Identify this book? Dungeons and Dragons novel.

OK, I can actually provide more information than some of these threads. However, I can not provide enough to make it super easy.

  1. This was a Dungeons and Dragons paperback novel. I believe it said “Advanced” Dungeons and Dragons on the cover. There were tons of these novels. Paperback. I think they were all paperback, actually. I had no idea there were a lot these when I read this one.

  2. In the one I’m talking about, there is a scene where the main character meets a guide who tells him he must take a fork in the road ahead. As the main dude goes one way(can’t remember if was left or right), he can hear the guide behind him say, “I would have gone the other way…”, but he keeps going.

  3. There is a secondary main character who is not human. I can’t remember what kind of creature he was, but he turns into a dragon at the end and accompanies the main character. I think this guy’s name started with “M”, but not sure.

  4. I read it between 1988-1992, I’d say. Can not confirm the publishing date. It may have been older or fresh. I think all those books were straight to paperback.

It was kind of thick. A few hundred pages for sure. Standard length for these books, I believe.

Anyway, does this provide enough information for anyone to identify it? Thanks.

Was it part of the DragonLance series? I read all of those in like 6th grade, which was about 1986. I don’t remember much more than that, tho…maybe there were twins, one was a sickly mage who eventually turned evil?

I think it was Dragonlance now you mention it, but I can not be for sure… I don’t remember twins or a sickly mage.

It is possible it was part of a series(like a trilogy or something), but I only read it and viewed it as a stand-alone.

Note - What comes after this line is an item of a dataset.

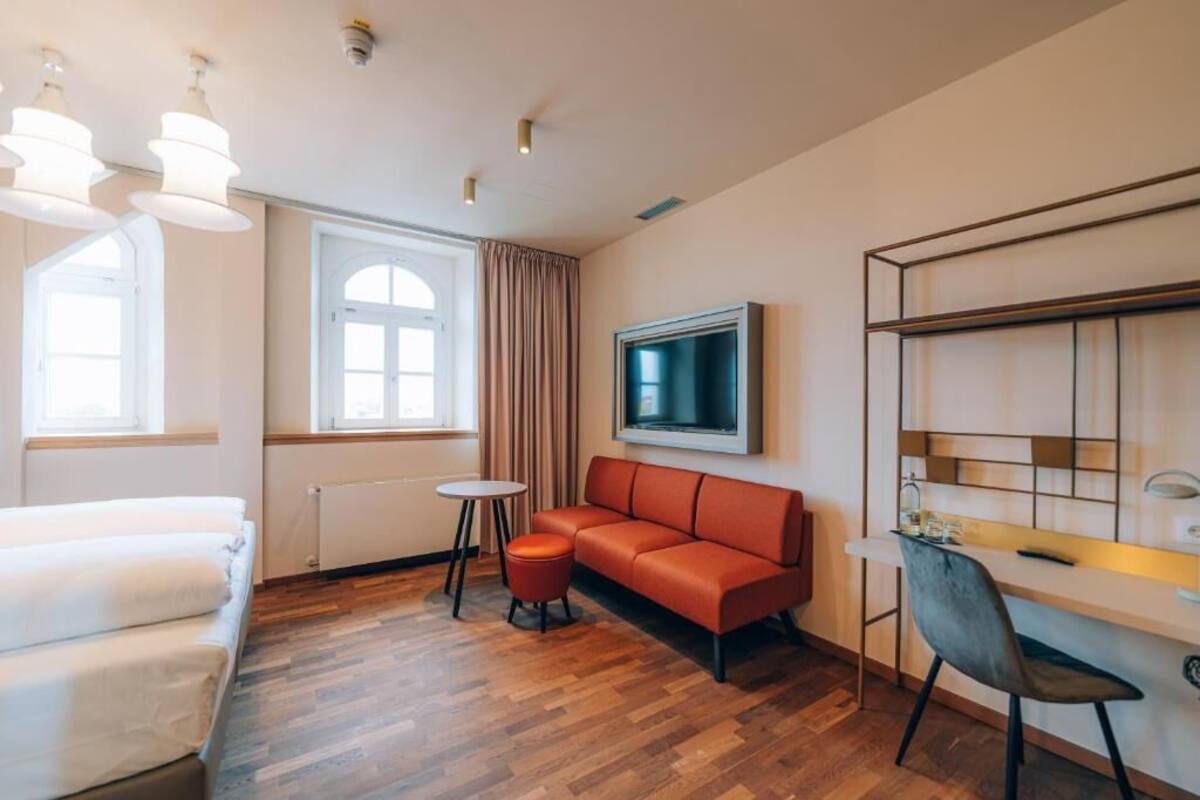 Una habitación de hotel moderna con suelo de madera, un sofá, un escritorio, una silla, un televisor y una ventana con cortinas.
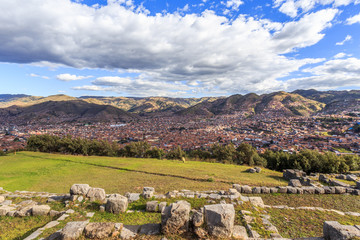 Fototapeta na wymiar Incan ruins, Cuzco city in the valley and Andes panorama, Peru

“The Legend of Huma” is a Dragonlance novel that made the New York Times bestseller list back in 1988, and has a which-way-will-you-go bit for the main character – who, as you’d maybe expect, has three secondary-character friends: one is obviously inhuman, one eventually turns into a dragon, and one has a name that starts with an ‘M’.

Hmmmm. Maybe. Who becomes the dragon?

The main character’s girlfriend, Gwyneth; his brawny pal is Kaz, the Minotaur; his brainy pal is Magius, the wizard; his commanding officer is Rennard, a knight who looks really grim. No, grimmer than that. Wait, are you picturing Daniel Craig in a movie about the Holocaust? That’s almost the right amount of grim.

For some reason, I had it in my mind that a male character became the dragon, but I could be wrong. You might have it.

The main villain – a male character – becomes a dragon near the end.

Thanks, but my memory is that the main dude actually gets “possession” of a dragon in the sense that a friend of his becomes one and he “gets a dragon of his own”(that’s close to a phrase that is used at one point).

Still, you may very well be right and my memory is wrong. The dates and so forth line up well.

Kaz eventually teams up with a bronze dragon (they take to each other “like two old soldiers”) and so starts riding around on [del]horseback[/del] dragonback.

OK, very cool. I am guessing you got it. I’ll have to find a copy somewhere and re-read it.

Not that any of the DL books are literature for the ages but, as I recall, The Legend of Huma was one of the few books outside the Weis/Hickman core trilogies that was remotely worth reading. Most of the spin-offs/prequels were dire.

At the end of Dragons of Spring Dawning, Fizbin turns in to his Dragon form, Paladine, and Raistlin, now fully evil, gets on the back of a Green dragon and flies off. maybe you were conflating those two events?

I only read one book, though, being unaware it was a series. I was only 10 or 11 years old.

This sounds like the one I was thinking of.